I spent the weekend embroiled in Kindred. This spectacular book by the late Octavia Butler was first published in 1977. It tells the story of Dana, an African-American woman married to a white man, Kevin, in 1976 who is transported back across space and time to first 1815 in rural Maryland. She is called by her ancestor, Rufus, a white man whose father is a slaveowner and lives on the family plantation. Each time Rufus needs help, literally assistance to keep his life, he “calls” to Dana and rips her from her world in 1976 to his world. This happens over only a brief period of time in her life, but the entire course of Rufus’ life from his childhood until his death. At one point, Dana’s husband, Kevin, comes with her back into the early part of the 19th century. She returns to 1976, but without him, leaving him for what is five years in early 19th century time, though only a few days in 1976 time. By the conclusion of the book, Dana returns to Rufus and the plantation and ensures that her ancestors, a child by Rufus and a slave, Alice, is born. I won’t give away the conclusion, but it is incredibly powerful.

There are a few things that struck me about this book. First, the pure imaginativeness of the book in terms of how Butler weaves the narrative to imagine life during slavery and make connections between the world today (or in 1976) and the antebellum south. It is really stunning to witness her imagination at work in the book. Second, I was very interested in how interracial relationships work in the book. The “relationship” between Rufus, the white male slave owner, and Alice, one of the slaves on the plantation is counterpointed with Dana and Kevin’s relationship which allows an examination of the different ways cross-racial relationships are produced and sustained by the historical moment. (I will write about this more in thinking about Cheryl Dunye’s The Watermelon Woman, which also uses interracial relationships to stand in for a variety of reflections, observations, and indictments.) The third thing that struck me about the book is related to the second and that is the nature of relationships in the book more broadly. History (and I am simultaneously reading Evelyn Nakano Glenn’s book Unequal Freedom) flattens out human lives with facts and statistics as a way to construct its narratives. Butler brings to life those relationships and explores them in incredibly compelling and disturbing ways. There is intellectual power in the history. I have spent a good part of the weekend frightened about Barack Obama’s chances at the Presidency in light of the United States history of racism, especially the plotting of its continued resurgency. In fiction, however, there is emotional power. Butler looks at these emotions directly, exploring both the hatred and pain between and among black people and white people in the antebellum south and also the moments of kindness, caring, and affection, even if they are not mutual affection. This, to me, is Kindred’s real achievement. It brings an imagined human understanding to a historical moment and an economic and social system that are in many ways incomprehensible.

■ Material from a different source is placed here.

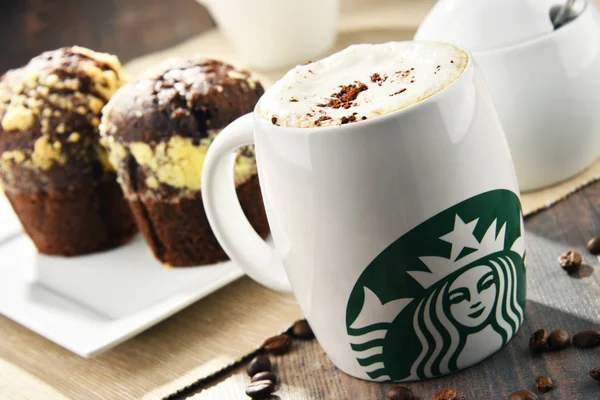 Xícara de café Starbucks e muffins — Fotografia de Stock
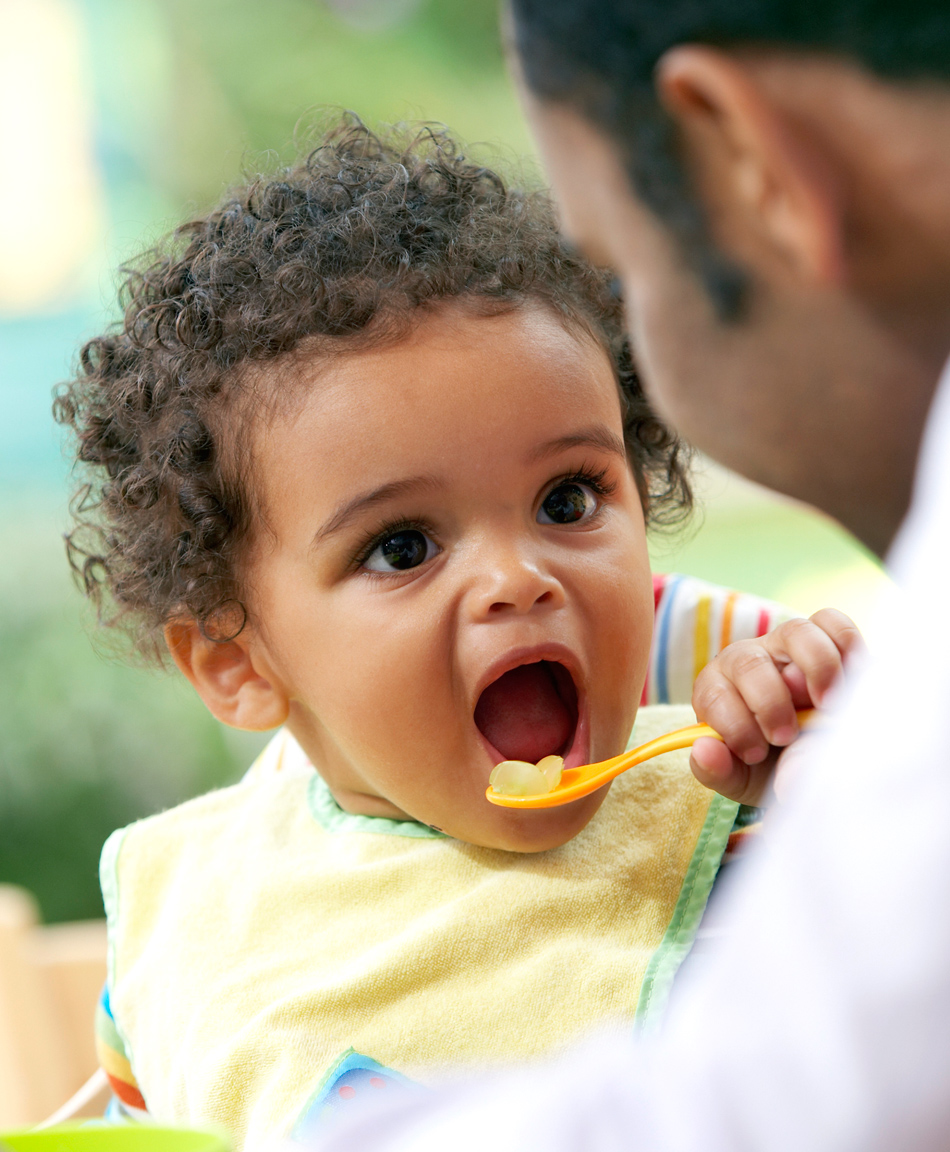 when can babies feed themselves with a spoon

I wonder though at what point the introduction of the fictive artifact, in this case Butler’s fictive artifact about slavery, becomes most meaningful. For instance, if there were not thorough accounts of history from the perspective of the slaves, not just from the perspective of white people, would the book serve the same function? Does fiction, that is in this case historical science fiction, have to have the support of history and perhaps sociology and political science behind it? I think about Joanna Russ’ The Female Man (which I’ve not read in twenty years) as well. Would that book have the same power without the feminist movement? Without feminist history? Or do we need fictive artifacts to act first, to imagine themselves from a time when there is nothing to empower historians to do their work? What are the interdisciplinary relationships here?

These are compelling questions for me and my own work. I want both to create those creative artifacts, but also to ensure that there is a thorough and rigorous history about where we have been. I feel peevish at the moment because I can’t find good ways of thinking about how lesbians thought about themselves in the 1910s and 1920s and even 1930s. There were lesbians. How did they understand their lesbianism? Imagining it creatively seems unsatisfying to me, but perhaps that is what I should be doing. Though, intellectually, what I think I should be doing is figuring out the archive where it exists and researching it there. Tumultuous times, certainly. And it is only the first day of classes.